Requires police officers to report the misconduct of a police officer
Allows courts to divert eligible pretrial defendants to approved treatment instead of detention after revocation, with monitoring, effective immediately.
Allows courts to divert eligible pretrial defendants to approved treatment instead of detention after revocation, with monitoring, effective immediately.
Note on sources and scope
- The documents you provided contain materials from multiple jurisdictions and sessions (mixed text snippets from New Jersey, federal/D.C., Massachusetts, and Senate dockets). The clearest full legislative text and committee statement in the packet concern an amendment to New Jersey pretrial release law (P.L.2014, c.31). This summary focuses on that New Jersey bill text (amending C.2A:162‑24) because it is the substantive bill text included. If you intended a different S2404 (for example, a bill titled “Requires police officers to report the misconduct of a police officer”), please provide that bill text or confirm and I will summarize that version.
Purpose and intent
- The bill amends New Jersey’s pretrial release statute to expand options available to courts after revoking an eligible defendant’s pretrial release. Specifically, it authorizes a court to permit, in lieu of ordering detention, a voluntarily agreed diversion into approved drug, alcohol, or mental‑health treatment when an eligible defendant’s release is revoked for violating a restraining order or release condition, or when there is probable cause the defendant committed a new crime while on release. The change implements Recommendation 24 of the NJ Supreme Court Reconvened Joint Committee on Criminal Justice Reform.
Key provisions
- Amendment target: Section 10 of P.L.2014, c.31 (C.2A:162‑24).
- Standard for revocation stays the same: upon a prosecutor’s motion, the court may revoke pretrial release only after finding by clear and convincing evidence that no monetary bail, non‑monetary conditions, or combination would reasonably assure appearance, public safety, or prevent obstruction of justice.
- New diversion option: After such a finding, the court may — instead of ordering detention — permit an eligible defendant to voluntarily enter, participate in, and complete approved drug, alcohol, or mental‑health treatment.
- Monitoring/reporting: If treatment is permitted, the court must require the approved program/facility to provide participation reports to the court. The defendant must execute any releases/authorizations necessary for the program to comply with court reporting.
- Marijuana offense limitation: The bill includes language that a court shall not revoke and detain an eligible defendant based on certain marijuana offenses (manufacturing/distribution or simple possession as specified). (See subsection b. in the introduced text.)
- Effective date: The act takes effect immediately upon enactment.
Who is affected
- Eligible defendants released pretrial under P.L.2014, c.31 (those who qualify under existing statute).
- Prosecutors and trial courts (who exercise motion and revocation authority).
- Approved treatment programs/facilities (responsible for monitoring and reporting).

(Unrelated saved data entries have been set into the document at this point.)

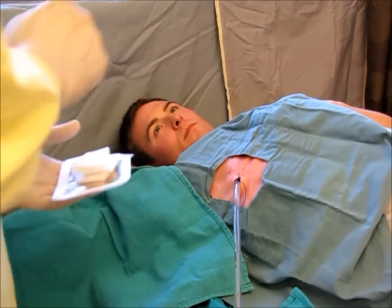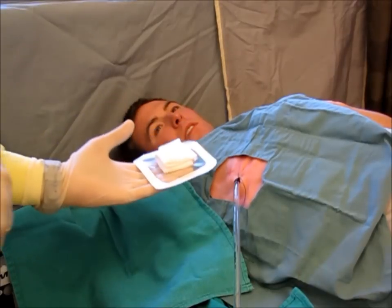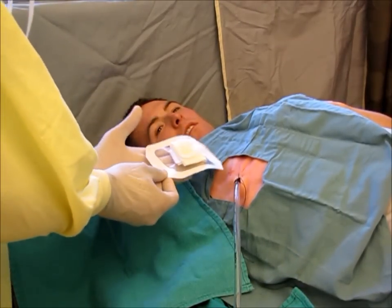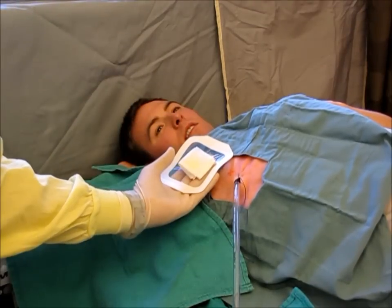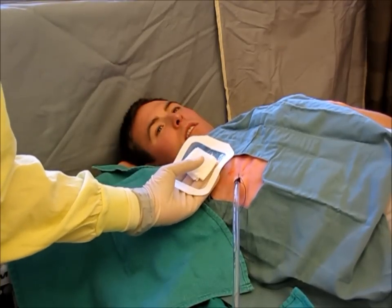When ready to remove, with the occlusive dressing in your non-dominant hand, have it ready directly by the incision site so that the moment the chest tube is released, you can put pressure and occlude the incision.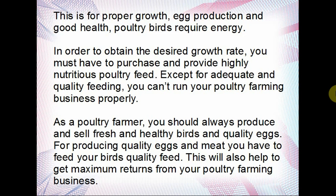As a poultry farmer you should always produce and sell fresh and healthy birds and quality eggs. For producing quality eggs and meat, you have to feed your birds quality feed. You can't feed them rubbish and expect good results — even as a human being, if you eat well it reflects in your body. These are also living things, so if you feed them well you can tell from their appearance and their production.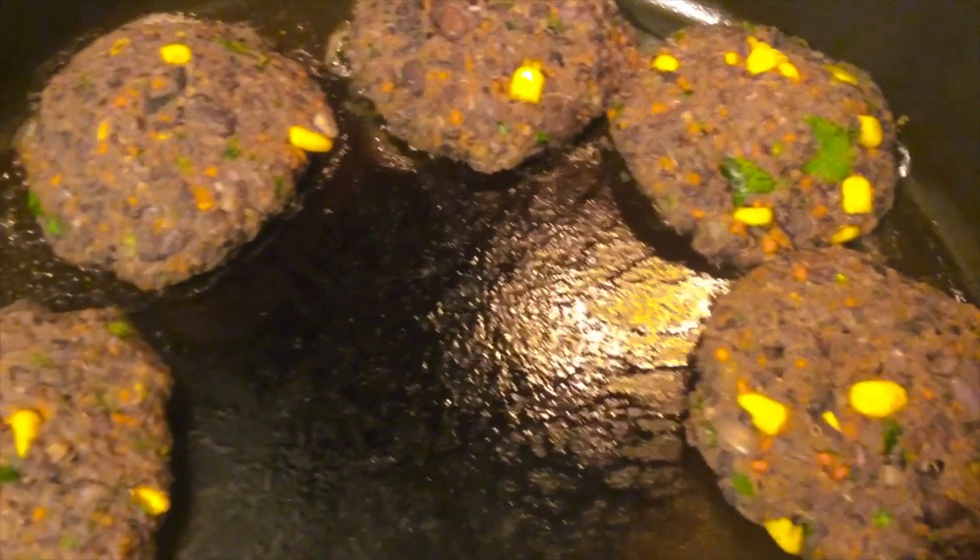I'm making homemade black bean burgers for school and breakfast and whatever. So this is how it looks.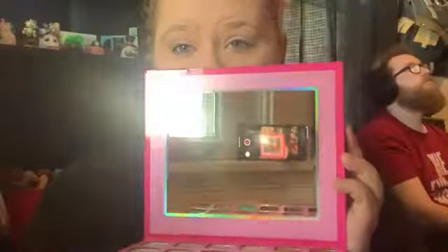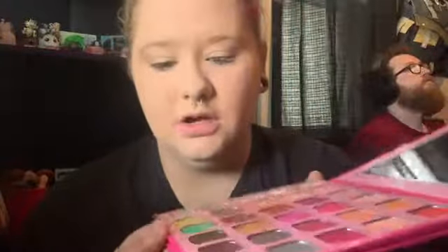We have a protector over the mirror and shadows. There's a nice big mirror that says Morphe X Jeffree Star at the top, and all of the shade names are actually printed on the palette. I love that because I have another Morphe palette that doesn't have that, and it's so frustrating. I feel like I would have thrown the insert away if I didn't do YouTube and want to know the names of everything.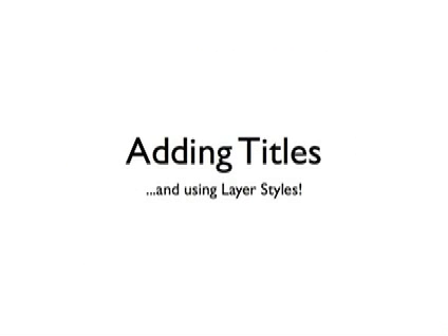First up, working inside the smart layer, I'm going to add some titles and demonstrate how to use layer styles, which are really powerful and flexible ways to do things to text or images on a layer.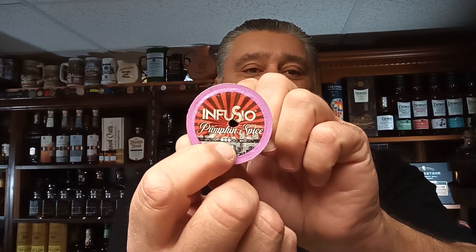So here's the K-cup. See those three dots? That's the boldness — there are five total, and three are colored, meaning it's about a medium boldness, medium roast I would assume. I bought a variety box — not a 12-pack, but there were 12 different flavors. I liked that, so I bought it so I could try not only different flavors but different regions of the world.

- Defense counsel and victims may be affected procedurally by diversion in lieu of detention.
- Potential system‑level impacts: may reduce use of pretrial detention for defendants with substance‑use or behavioral‑health needs and increase referrals to court‑monitored treatment.

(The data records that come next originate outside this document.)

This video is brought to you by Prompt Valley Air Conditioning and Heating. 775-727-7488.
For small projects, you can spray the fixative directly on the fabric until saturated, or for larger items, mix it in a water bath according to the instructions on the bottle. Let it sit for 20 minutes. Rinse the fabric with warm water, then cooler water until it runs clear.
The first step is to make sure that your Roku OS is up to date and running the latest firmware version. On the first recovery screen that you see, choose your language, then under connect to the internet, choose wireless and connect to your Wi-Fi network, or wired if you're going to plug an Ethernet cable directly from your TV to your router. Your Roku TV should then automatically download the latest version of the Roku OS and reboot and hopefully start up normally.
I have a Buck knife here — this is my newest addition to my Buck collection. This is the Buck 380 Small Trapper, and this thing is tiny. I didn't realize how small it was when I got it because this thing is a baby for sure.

Procedural/timeline notes and current status in provided materials
- The committee statement is dated May 16, 2024 and reports the bill favorably.

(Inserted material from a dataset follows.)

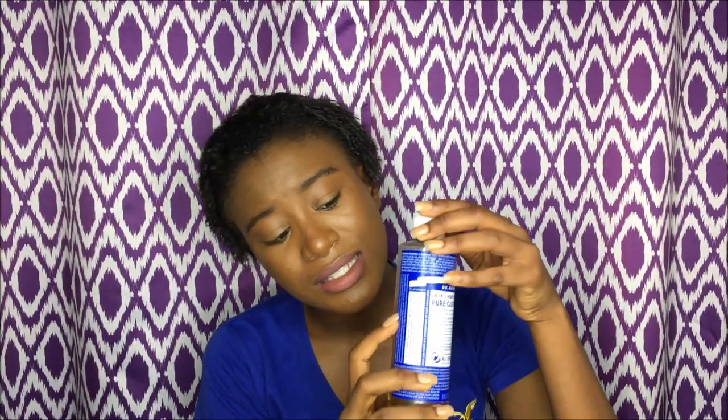This is a multi-purpose soap — as you can see I've used a quarter of the bottle so far. It can be used to wash your hair, wash your body, wash clothes, scrub your bathroom, scrub your sink. I have used it to wash my hair and to wash my body — that's mainly what I use it for.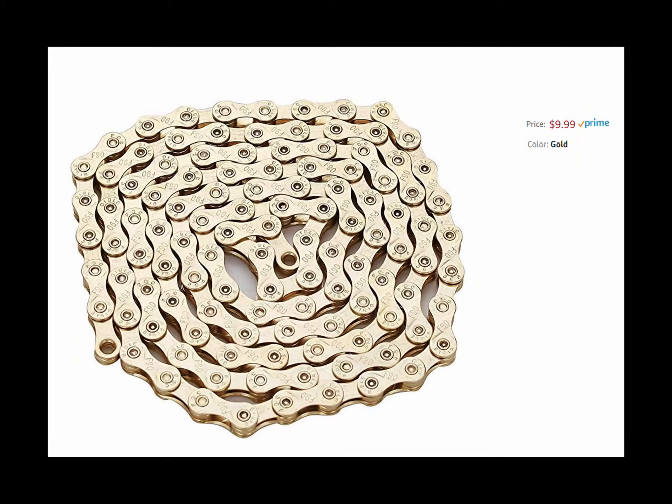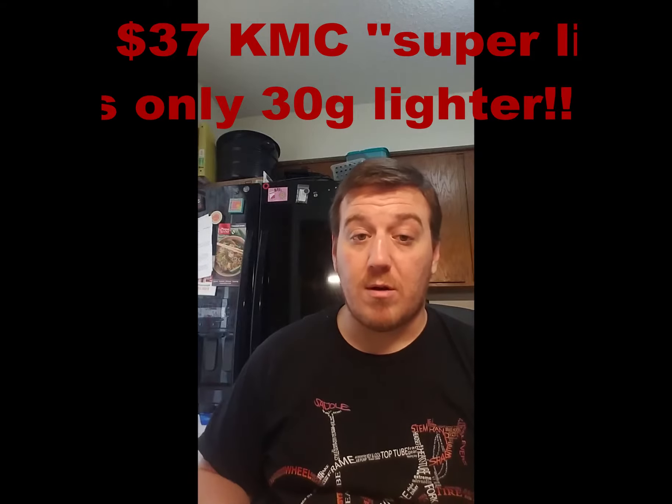For only ten dollars — super affordable — you can find these on Amazon. I'll show you side-by-side ramp rates of this chain versus a KMC X9. I've actually used KMC gold X9 and X10 chains before. This isn't the super light model; it's the X9 plain and X10 plain, but they have very nice ramp profiles. For ten dollars, they are surprisingly durable.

- The introduced text shows the amendment and immediate effect clause.
- The packet contains several date entries (introductions, referrals, hearings) from 2024–2025 across different records; status lines in your metadata show “REFERRED TO CODES.” If you want an up‑to‑date status (committee votes, floor action, enrolment), I can look up the current legislative tracking for the appropriate jurisdiction — please confirm which jurisdiction/version to check.
Potential implications
- Expands judicial discretion to pursue treatment‑based alternatives after revoking release, potentially reducing short‑term pretrial detention for qualifying defendants.
- Raises implementation needs: approved program capacity, data‑sharing authorizations, supervision/reporting protocols, and safeguards for public safety and victims.
- The marijuana‑offense provision could limit detention for certain low‑level drug offenses.
If you’d like
- A concise one‑paragraph version for a briefing sheet.
- A comparison table showing current law vs. proposed changes.
- Follow‑up: confirm whether you want the alternate S.2404 (police‑misconduct reporting) summarized instead; provide that text or confirm jurisdiction.
Compiled from official sources — confirm details with the bill’s official record.